%%

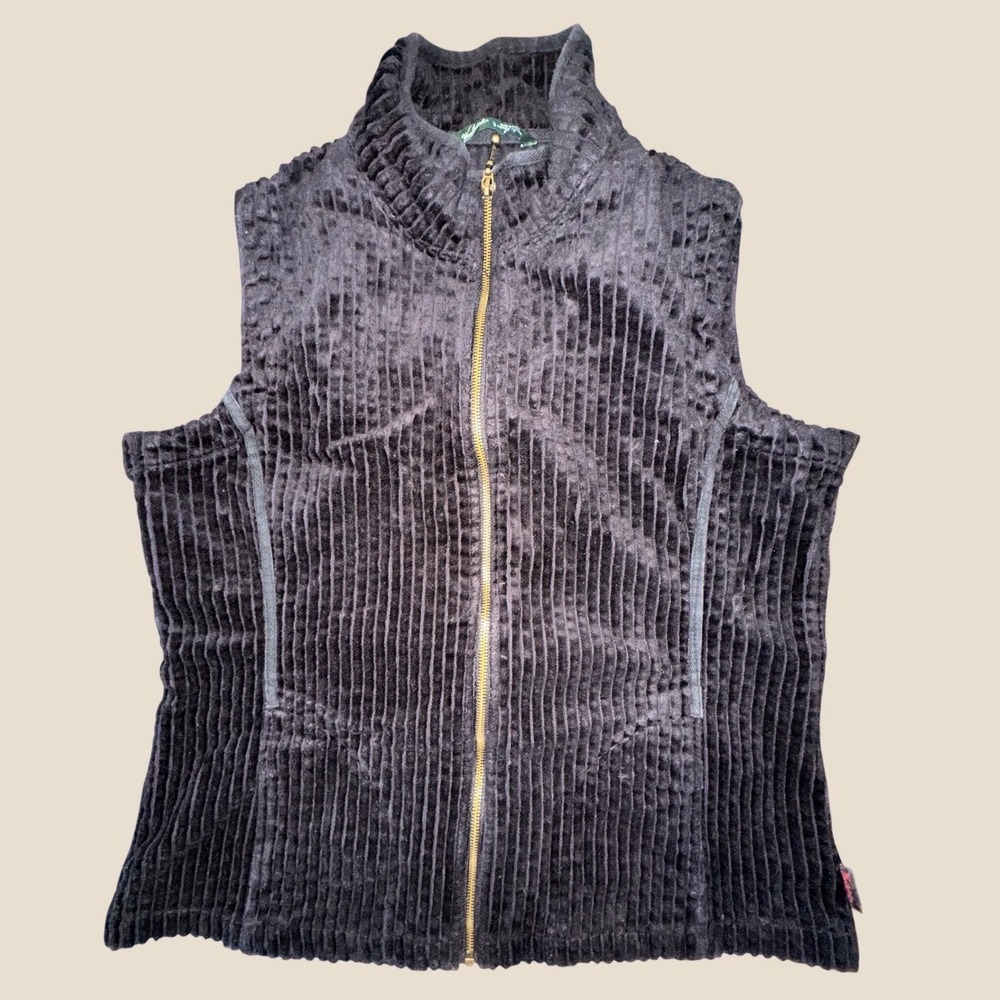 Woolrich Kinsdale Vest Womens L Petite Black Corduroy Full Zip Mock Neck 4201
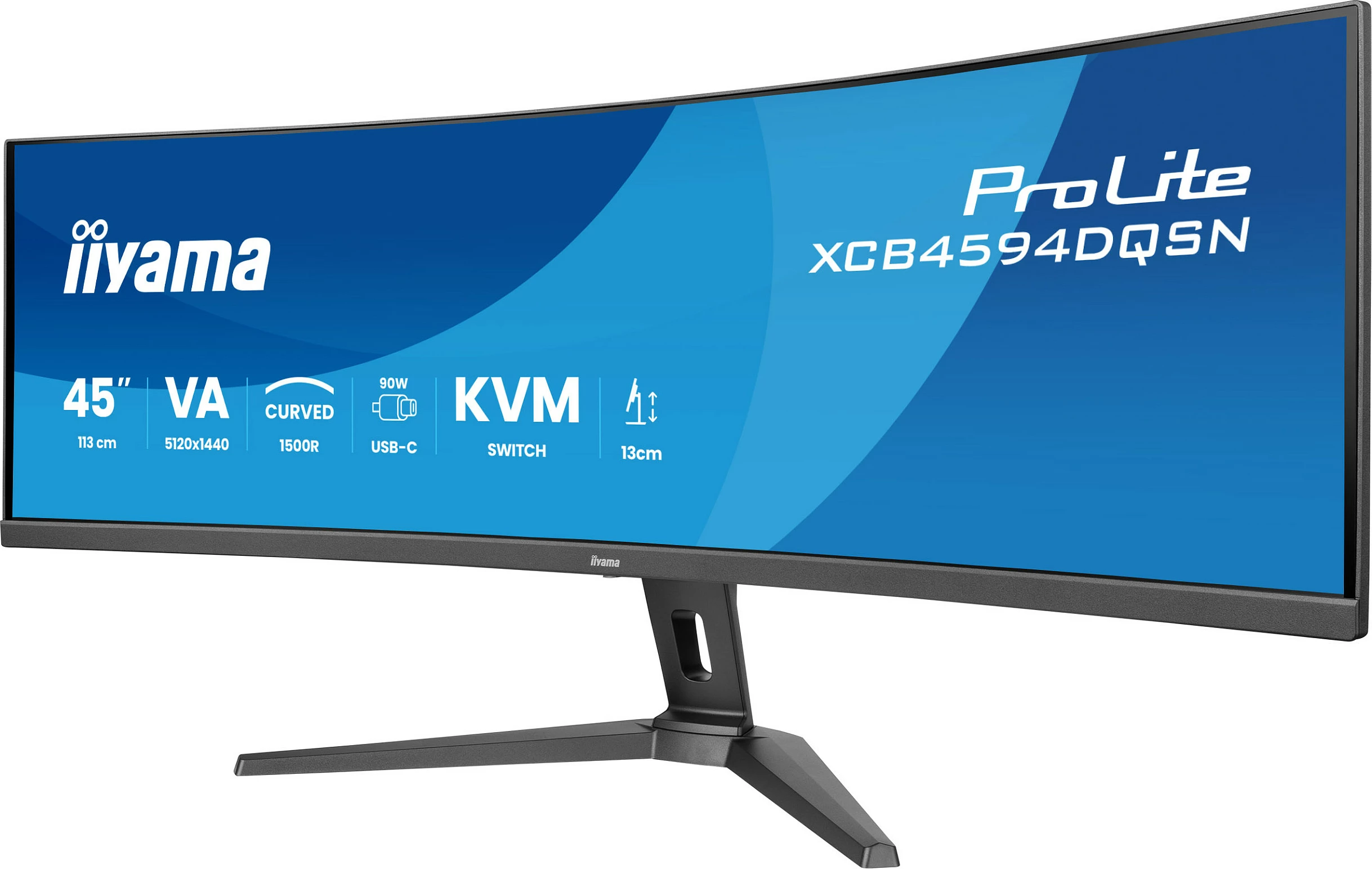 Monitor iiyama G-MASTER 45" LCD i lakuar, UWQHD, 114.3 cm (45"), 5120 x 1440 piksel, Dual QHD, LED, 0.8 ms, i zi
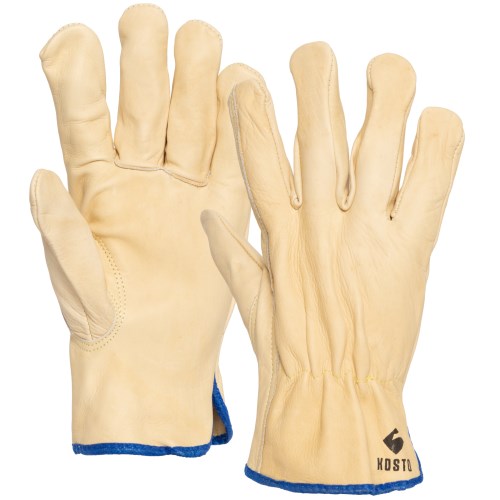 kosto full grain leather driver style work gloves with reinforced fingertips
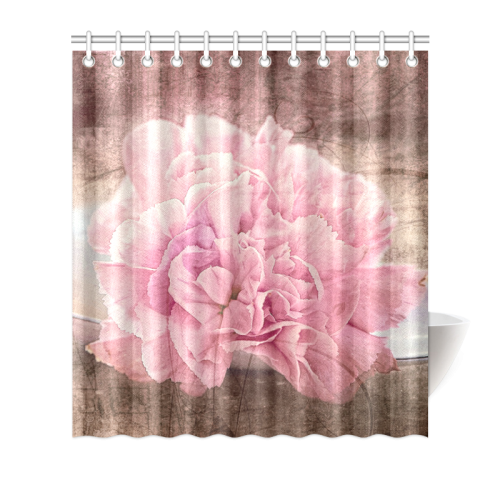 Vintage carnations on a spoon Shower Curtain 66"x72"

%%

- **Your instructions**: Give back all of the material exactly, though without the images it contains.

- **Task solution**:
 Woolrich Kinsdale Vest Womens L Petite Black Corduroy Full Zip Mock Neck 4201
 Monitor iiyama G-MASTER 45" LCD i lakuar, UWQHD, 114.3 cm (45"), 5120 x 1440 piksel, Dual QHD, LED, 0.8 ms, i zi
 kosto full grain leather driver style work gloves with reinforced fingertips
 Vintage carnations on a spoon Shower Curtain 66"x72"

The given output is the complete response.